The Commission raised concerns in relation to the supply of nickel for plating and electroforming, and the supply of high purity cobalt and high purity nickel for super alloys (i.e., high performance alloys used in applications in high-temperature and high-stress environments). In addition, the Commission was concerned that the merged entity might delay some of its new mining projects, in view of its large portfolio of existing and future greenfield nickel mining assets.
On 24 February 2006, the Commission opened an in-depth phase II investigation. The parties submitted a remedy package on 16 March 2006, with further revised packages submitted on 5 April 2006, and 7 June 2006, and a final version submitted on 26 June 2006.

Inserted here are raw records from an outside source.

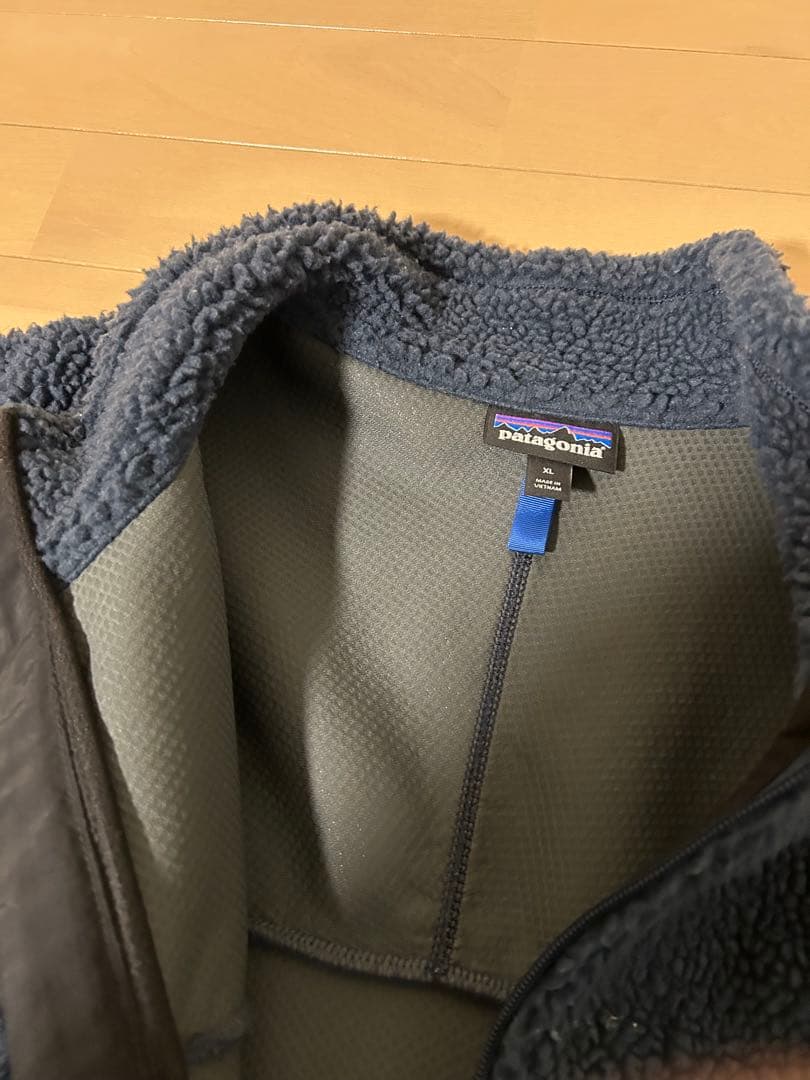 Patagonia ネイビー フリースジャケット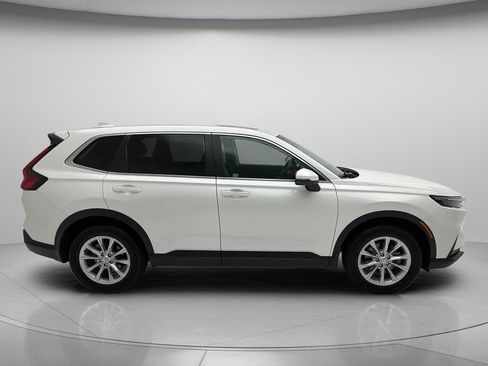 Used 2025 Honda CR-V EX image 3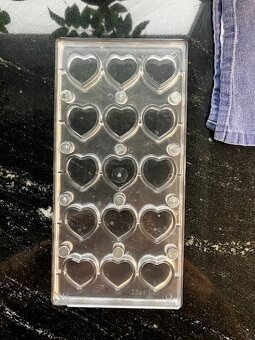 Forma na pralinky čokoládu magnetická srdce - 2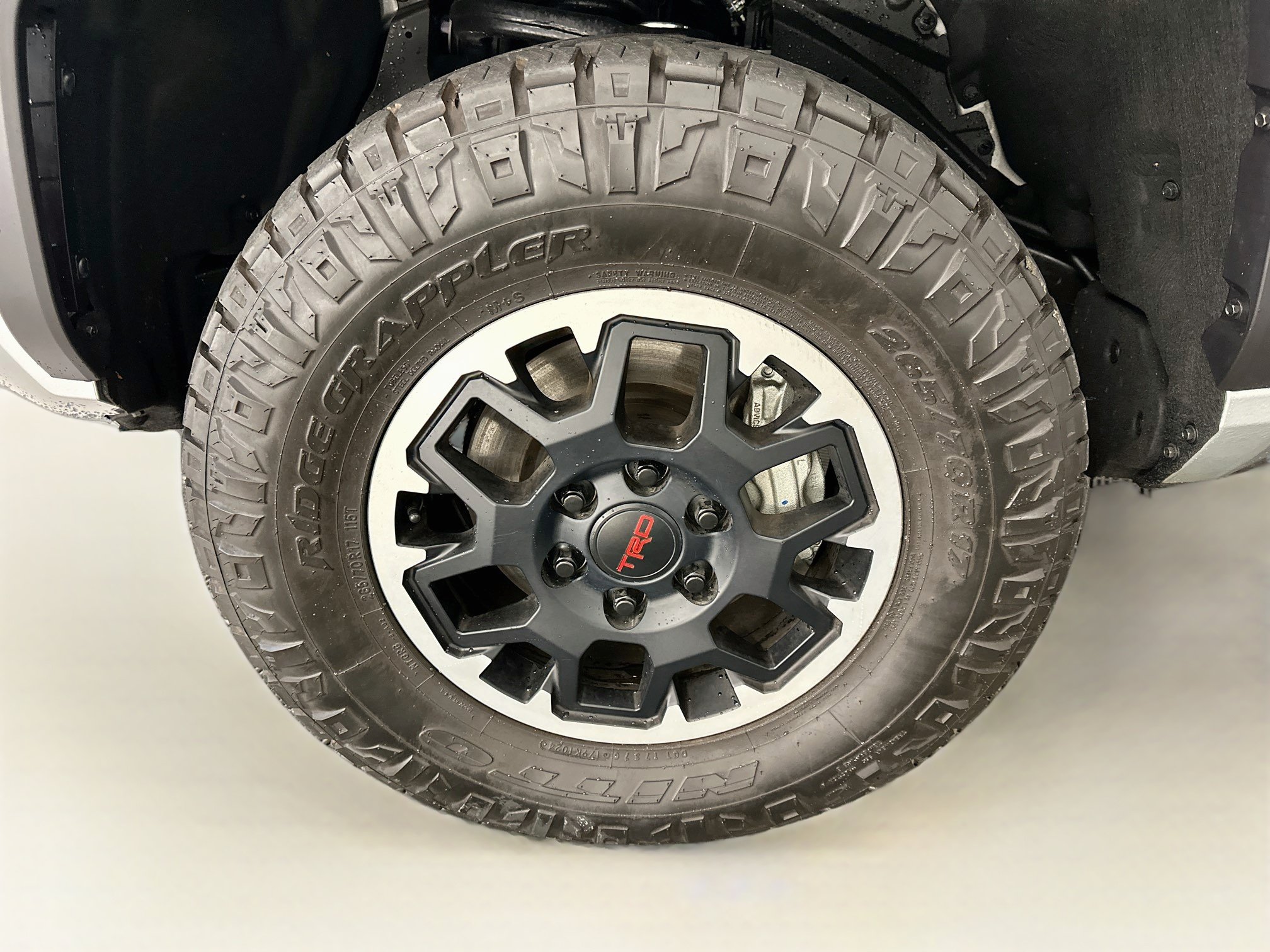 Used 2024 Toyota Tacoma TRD Off-Road AWD/4WD image 35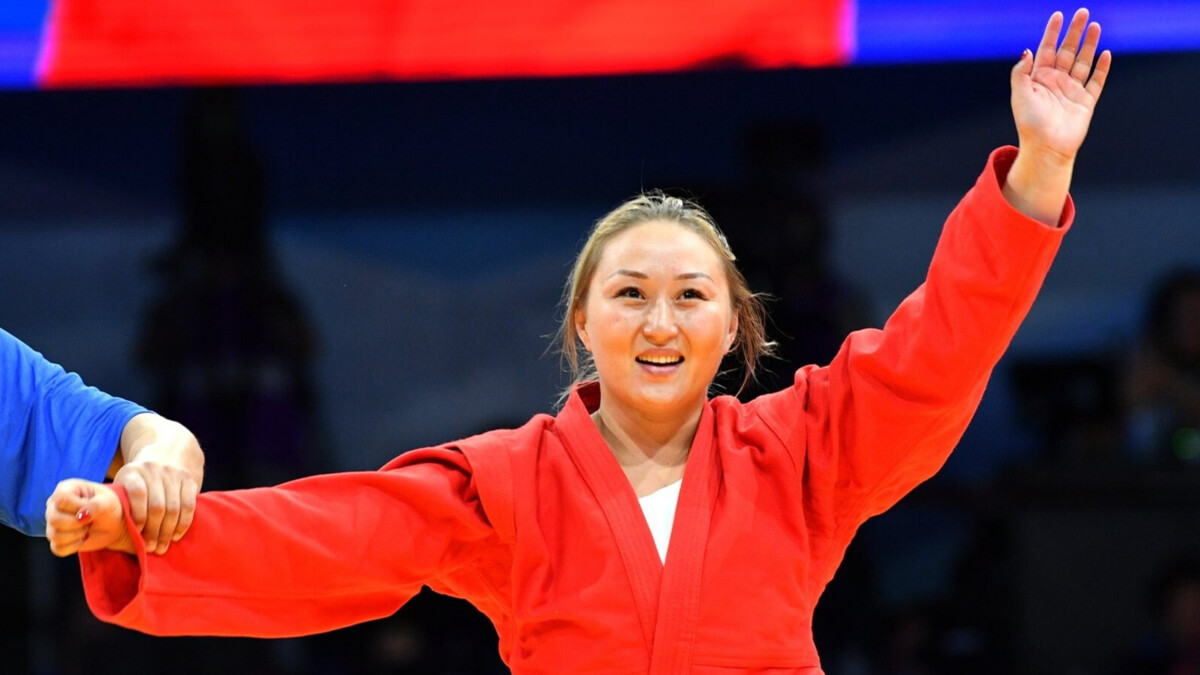 Россиянка Жанара Кусанова завоевала серебро на чемпионате мира по самбо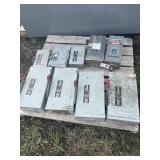 Electrical boxes (9) I328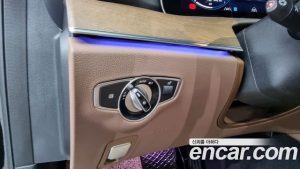 Mercedes-Benz E-Class E250 Exclusive 2021 года из Южной Кореи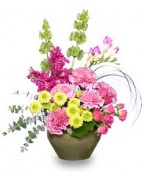 CHARMING COLLECTION flower arrangement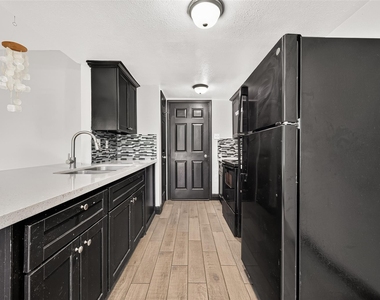 19326 Leafwood Lane - Photo Thumbnail 14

The Commission sent the parties a Statement of Objections on 8 May 2006, and an oral hearing was held on 29 May 2006.
The transaction was reviewed in parallel by the Commission and the US Department of Justice, and the two agencies actively cooperated on this case.
NERA's Role
NERA was retained by Inco throughout the pre-notification, phase I and phase II stages of the Commission's investigation, working closely with Inco staff and their legal advisors.
NERA provided economic analysis and advice, and assisted in the research and preparation of a wide range of submissions and presentations before the Commission including the site visit and oral hearing, and covered a wide range of questions from market definition, competitive assessment, entry and expansion, to questions of arbitrage and dynamic optimisation. NERA's work also included an investigation into the incentives for the delay of the development of new mining projects, as well as a shock analysis and event study of the response in global prices to historical developments and announcements.
The Result
On 4 July 2006, the European Commission cleared the merger subject to a divestiture remedy.
Inco had stated in the initial public announcement of the proposed acquisition that it was prepared to divest Falconbridge's Nikkelverk refinery in Norway, together with related assets. In order to ensure the long term competitiveness of the divested business, the Commission required that these assets would be divested to a company active in metal mining and/or processing, with sufficient nickel resources to sustain the viability of the refinery, and to provide the divested business with the option of a transitional supply agreement for intermediate feed materials for up to ten years.
In addition to this investigation, the Commission reviewed four alternative mergers, Teck Cominco/Inco, Phelps Dodge/Inco/Falconbridge, Xstrata/Falconbridge and CVRD/Inco. Ultimately Xstrata acquired Falconbridge and CVRD acquired Inco. NERA continued to provide advice to Inco throughout these investigations.